Work instruction: Every record below is to be retyped exactly, with any pictures left out.

Data extracted from a collection
· · · · · · ·

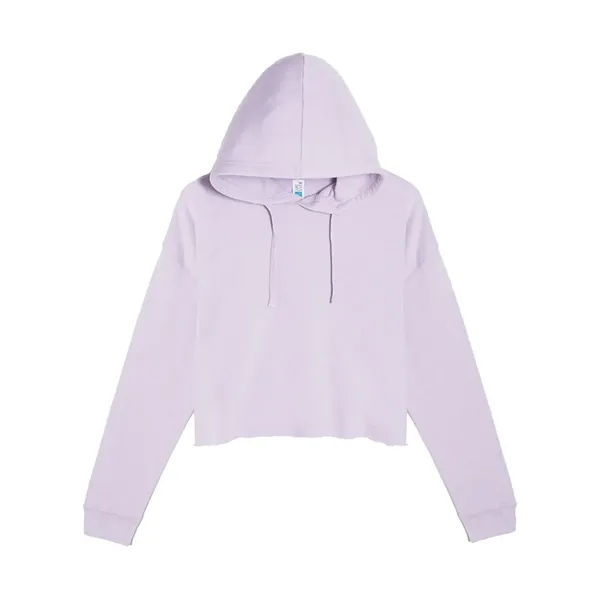 Lane Seven Women's Cropped Fleece Hooded Sweatshirt - Lane Seven Women's Cropped Fleece Hooded Sweatshirt - Image 3 of 11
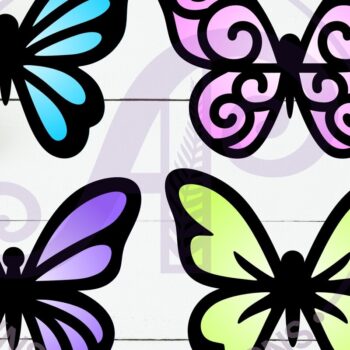 Intra απο ξύλο plywood 3mm-4mm πάχος Butterfly Two Layer Cut Outs  Δίασταση 30x20 cm INTRAFABR-123525385 - Image 2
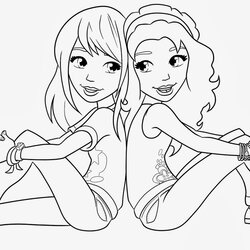 Spiffing Friendship Coloring Pages Best For Kids Free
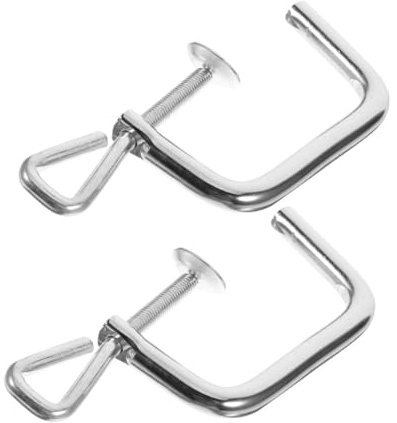 TOGEVAL 2pcs Pasta Machine Clamp for Manual Noodle Maker Fixing Clip Compatible with Pasta Rollers Kitchen Accessory for Home and Small Food Businesses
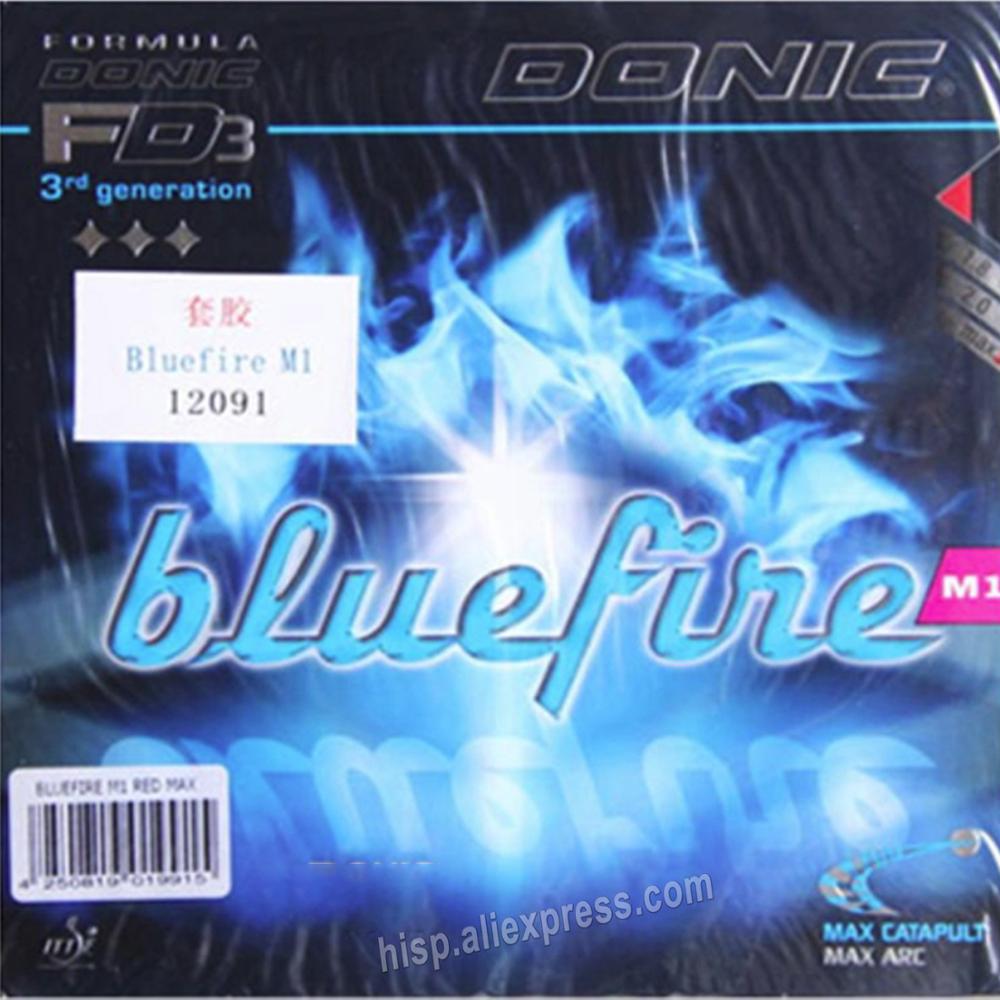 Original donic bluefire m1 m2 m3 tênis de mesa borracha raquetes de tênis de mesa esportes azul chama azul fogo
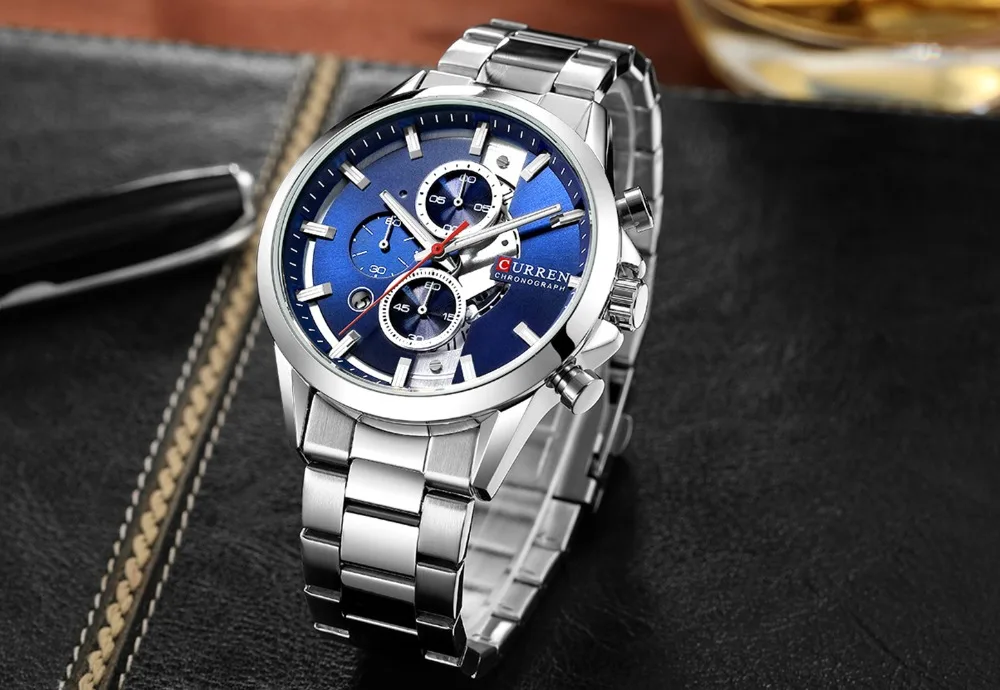 CURREN новые часы для мужчин люксовый бренд мужские спортивные водонепроницаемые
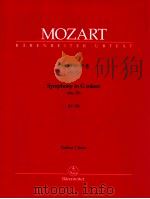 Symphony in G minor>>No.25<< KV 183 Urtext of the New Mozart-edition score BA 4748   1988  PDF电子版封面    W.A.Mozart 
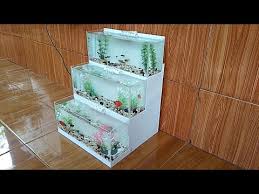Meja aquarium untuk aquarium unik. Aquarium 3 In 1 From Pvc Pipe Part 2 Youtube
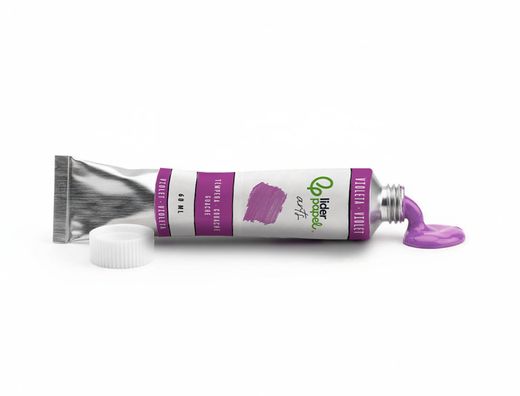Pintura gouache/tempera liderpapel tubo de aluminio de 60 ml color violeta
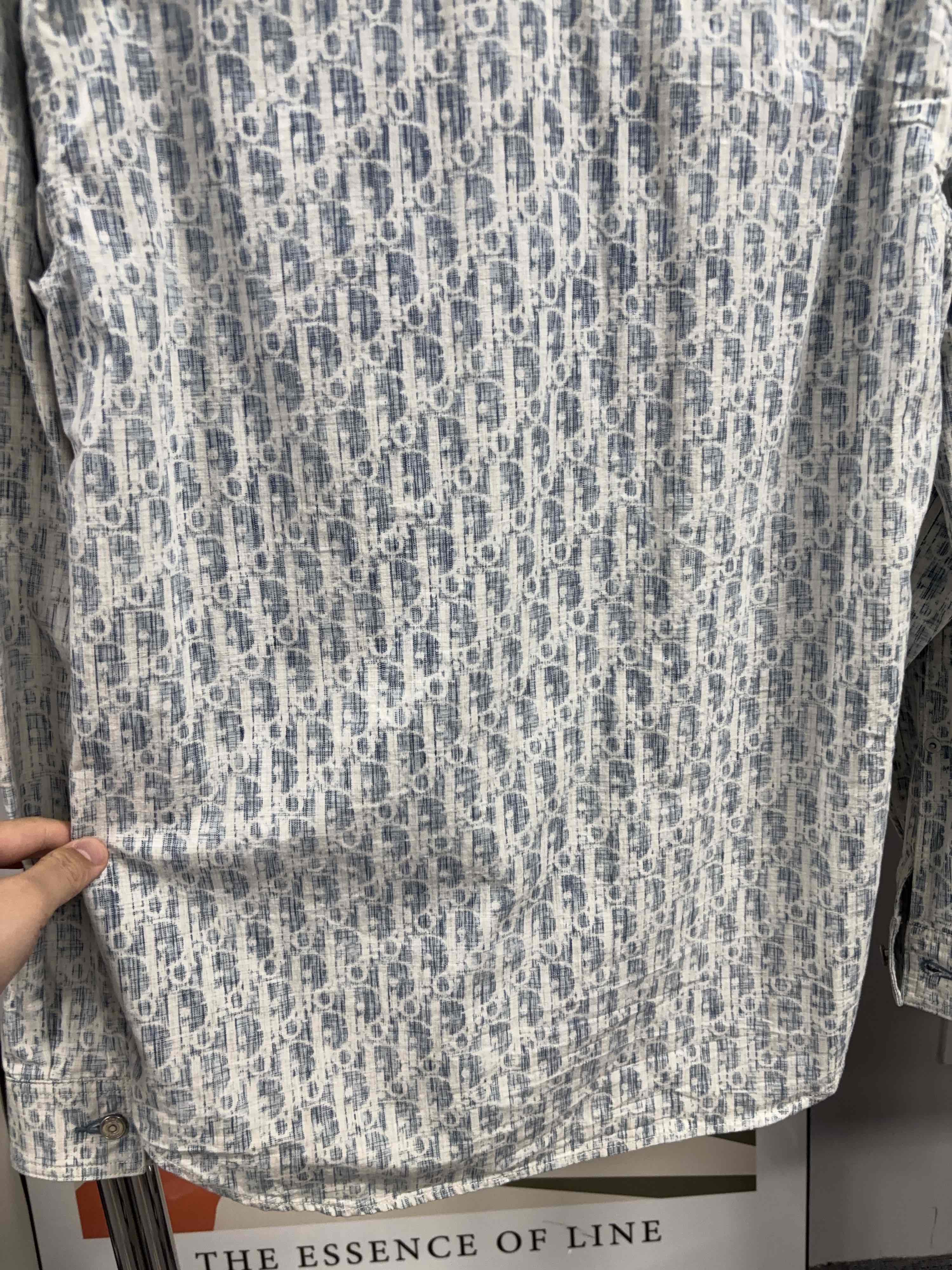 Dior DIOR Oblique Kasuri Button Up Shirt Size S Size US S / EU 44-46 / 1 - 13 Thumbnail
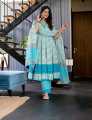 Linen Ready-Made Gown Designed Long Salwar Kameez Orna - Elegant Three-Piece Dress for Stylish Women/Girls. 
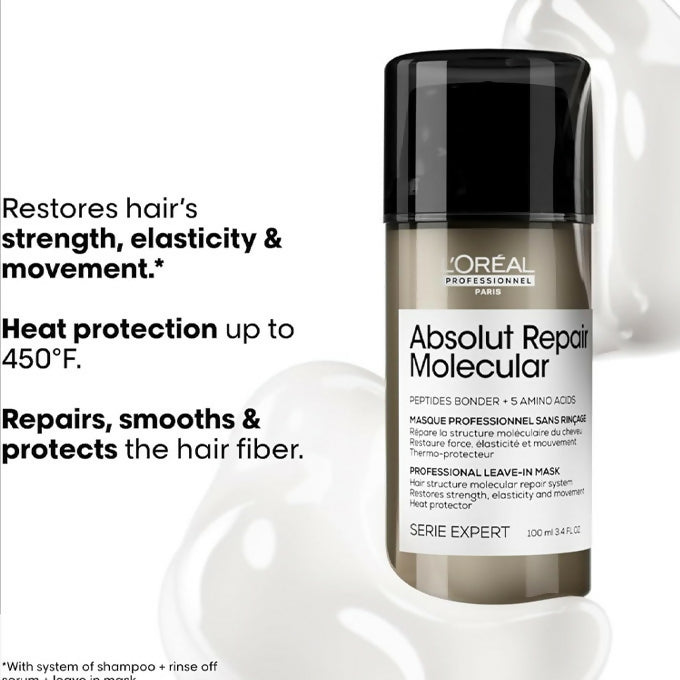 L'Oréal Professionnel Absolut Repair Molecular Leave-In Mask 100ml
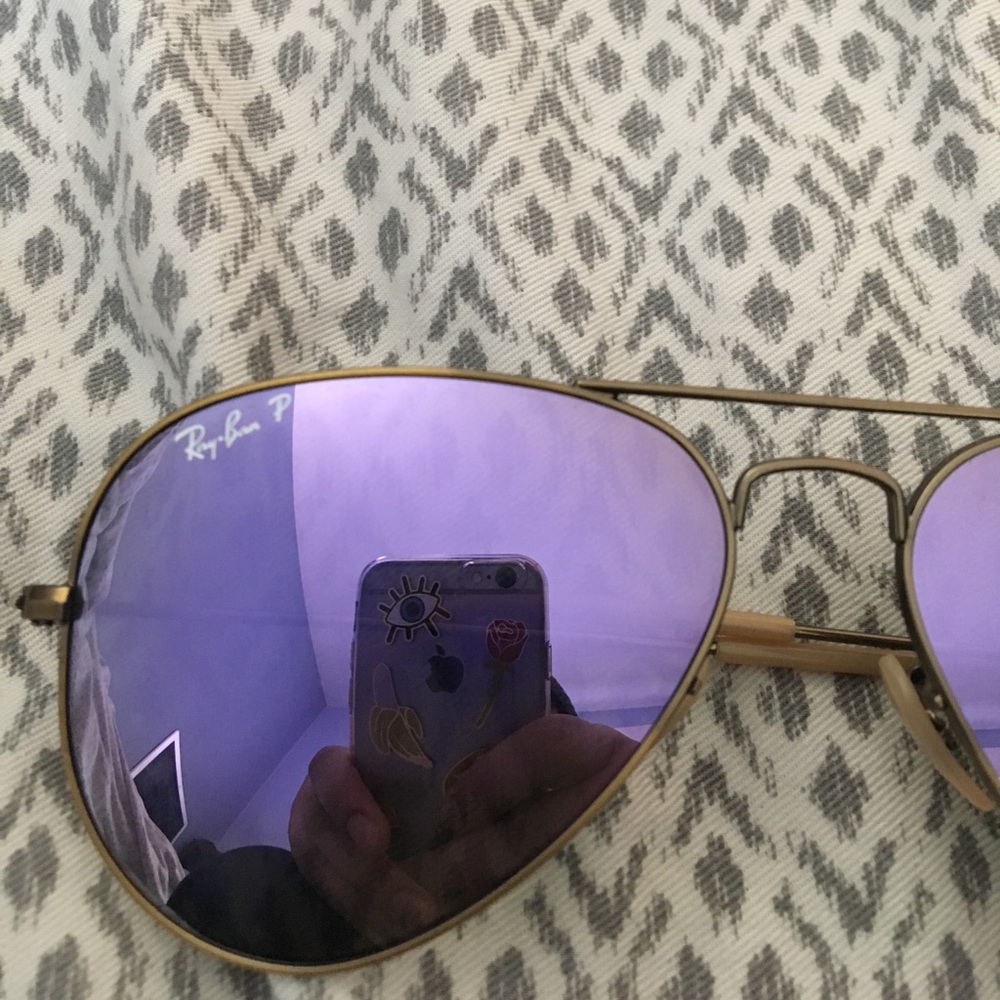 Ray Ban Purple Aviators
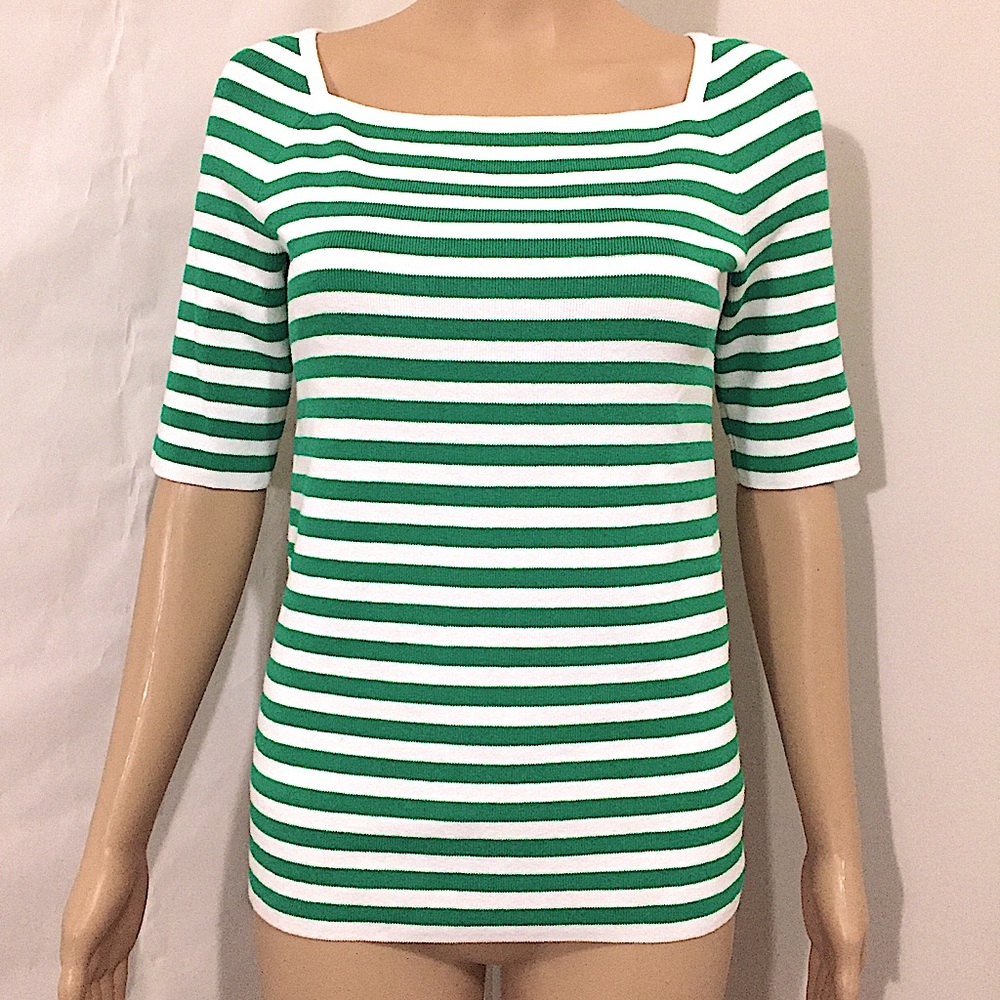 Talbots Square Neck Knit Top - Picture 4 of 13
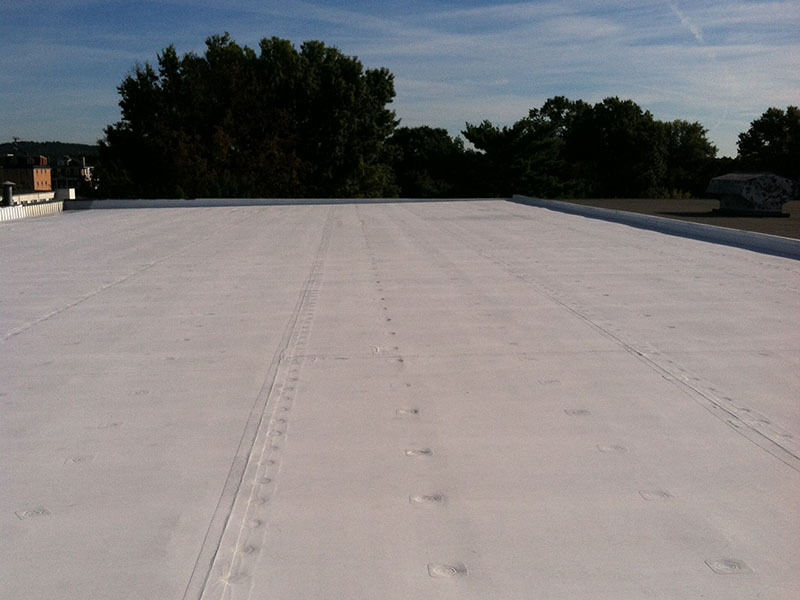 low slope roof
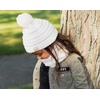 image:imageFunky Junque FleeceLined Neck Warmer Tube Scarf amp Knit Gaiter Bundle  Cozy Winter Set  Neutral Tones Vibrant HuesIvory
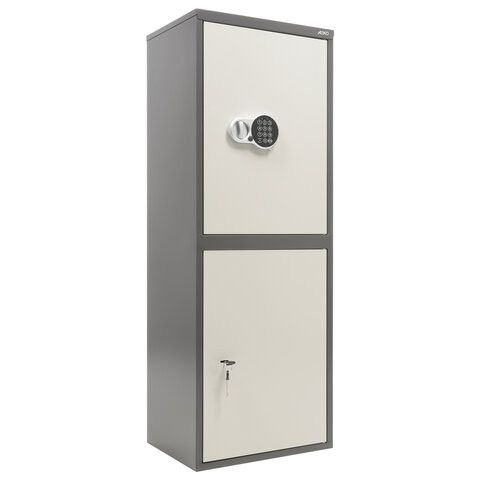 Шкаф металлический для документов AIKO "SL-125/2ТEL" ГРАФИТ, 1252х460х340 мм, 31 кг, S10799132902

· · · · · · ·

Exercise result:
 Lane Seven Women's Cropped Fleece Hooded Sweatshirt - Lane Seven Women's Cropped Fleece Hooded Sweatshirt - Image 3 of 11
 Intra απο ξύλο plywood 3mm-4mm πάχος Butterfly Two Layer Cut Outs  Δίασταση 30x20 cm INTRAFABR-123525385 - Image 2
 Spiffing Friendship Coloring Pages Best For Kids Free
 TOGEVAL 2pcs Pasta Machine Clamp for Manual Noodle Maker Fixing Clip Compatible with Pasta Rollers Kitchen Accessory for Home and Small Food Businesses
 Original donic bluefire m1 m2 m3 tênis de mesa borracha raquetes de tênis de mesa esportes azul chama azul fogo
 CURREN новые часы для мужчин люксовый бренд мужские спортивные водонепроницаемые
 Symphony in G minor>>No.25<< KV 183 Urtext of the New Mozart-edition score BA 4748   1988  PDF电子版封面    W.A.Mozart 
Meja aquarium untuk aquarium unik. Aquarium 3 In 1 From Pvc Pipe Part 2 Youtube
Pintura gouache/tempera liderpapel tubo de aluminio de 60 ml color violeta
 Dior DIOR Oblique Kasuri Button Up Shirt Size S Size US S / EU 44-46 / 1 - 13 Thumbnail
 Linen Ready-Made Gown Designed Long Salwar Kameez Orna - Elegant Three-Piece Dress for Stylish Women/Girls. 
 L'Oréal Professionnel Absolut Repair Molecular Leave-In Mask 100ml
 Ray Ban Purple Aviators
 Talbots Square Neck Knit Top - Picture 4 of 13
 low slope roof
 image:imageFunky Junque FleeceLined Neck Warmer Tube Scarf amp Knit Gaiter Bundle  Cozy Winter Set  Neutral Tones Vibrant HuesIvory
 Шкаф металлический для документов AIKO "SL-125/2ТEL" ГРАФИТ, 1252х460х340 мм, 31 кг, S10799132902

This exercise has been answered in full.